The main items found in the structure of the programs are hospital services, ER, day centers centralizing specialist services and social activities, in-home care, telephone switchboard, long-term stay institutions and transport for patients in the network. Computerized medical records, accessible through the internet, integrated the patient to services in the network.

There was one entry point for users to enter the system, accompanied by a triage of risk, be that risk of frailty or risk of repeated hospitalization. This was followed by a comprehensive functional or geriatric assessment to orient the care plan. The case manager was presented as the patient’s “coordinator” in the network of institutional and community services.

The results found by the SIPA, PACE and Guided Care programs, systems which invested in recruiting and training the professionals involved, i.e. those which valued the process of providing services, reinforced the benefits of the ISD model for caring for older adults.

The SIPA and PRISMA systems showed significant network integration and care coordination with the patient. This meant benefits developed which went beyond the costs by satisfying users and carers.

This is an important result as the target population of the majority of programs were frail older adults with high levels of functional dependency and consequent work overload of carers. Even so, the patients showed better perceived health and less functional decline and desire to move into an institution.

Increased spending on community services is expected when investment in primary care is increased, including in-home care, in order to reduce use of hospitals, ER and nursing homes in the long term.25 The PRISMA19 outcomes reinforce this approach in primary care with investment in the management process in order to make other savings in the long term.

A limitation of this study is the small number of studies evaluating health care provision programs for the older individuals, as well as the poor methodological quality of others which were not included. Another limitation was being limited to key words in the languages included, which may have excluded experiences published in other languages.

The results of this study reinforce the need to modify the approach to health care. Patients’ care needs to be managed from entry into the system until end of life, with services integrated at all levels. This configuration has been shown to be the most advantageous for health care systems, for patients and for their families.

This study, developed in the research line of “developing health care models for Older Adults”,b will form part of another project, furthering the discussion of the adoption of one of the models (or a mixed model) to the Brazilian situation.

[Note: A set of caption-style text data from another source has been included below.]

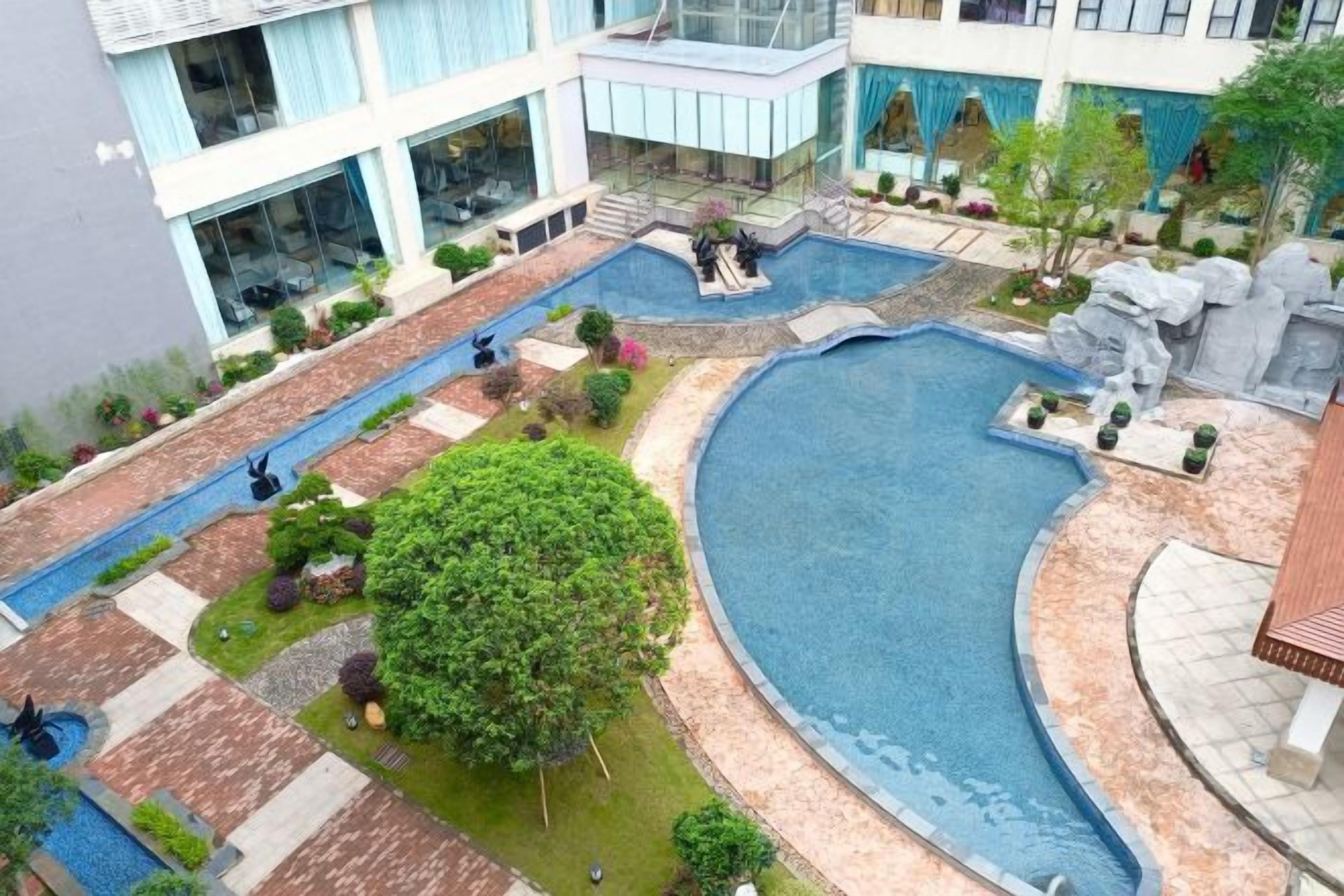 Un espace piscine comprenant plusieurs bassins, entouré de verdure et bordé d’un bâtiment doté de grandes fenêtres.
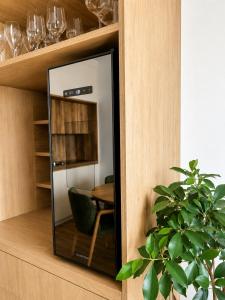 a mirror in a cabinet with a table and a chair at Sleep & coffee by KAFEC in Komárov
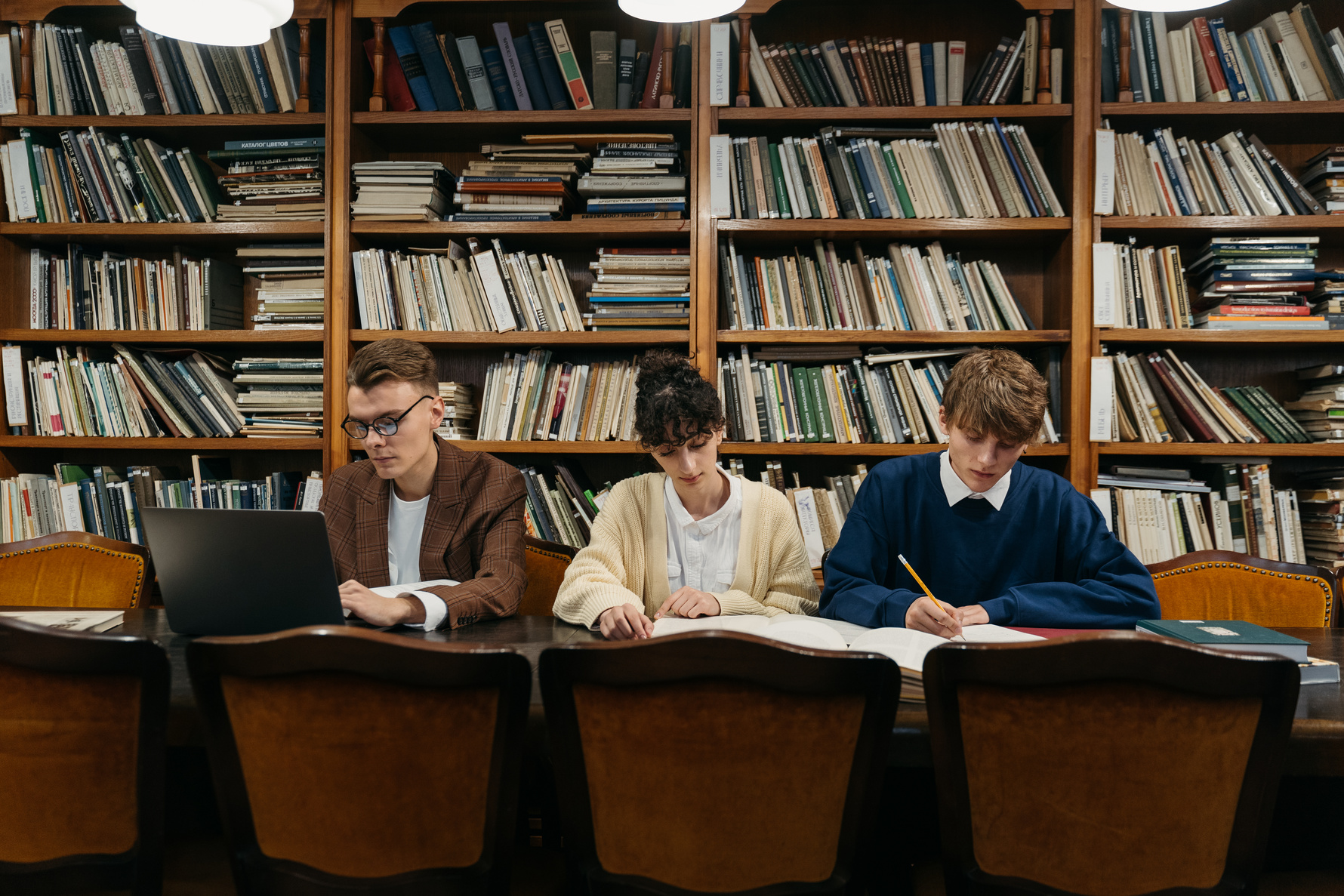 Three College Students in the Library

The Brazilian model needs to be constructed based on the peculiarities of the country regarding current health care system proposals, considering advances and limitations which can be matched to these international experiences.

Footnotes

The authors declare there is no conflict of interest.

a

A set of indicators of quality developed sepcifically for older adults, aiming to identify the quality of health care provided to the most vulnerable older adults, with the highest chance of dying or becoming seriousl incapacitated in the next two years.

b

Study developed by the Grupo de Pesquisa sobre Envelhecimento e Saúde, Universidade Aberta da Terceira Idade, Universidade do Estado do Rio de Janeiro, January to December 2013.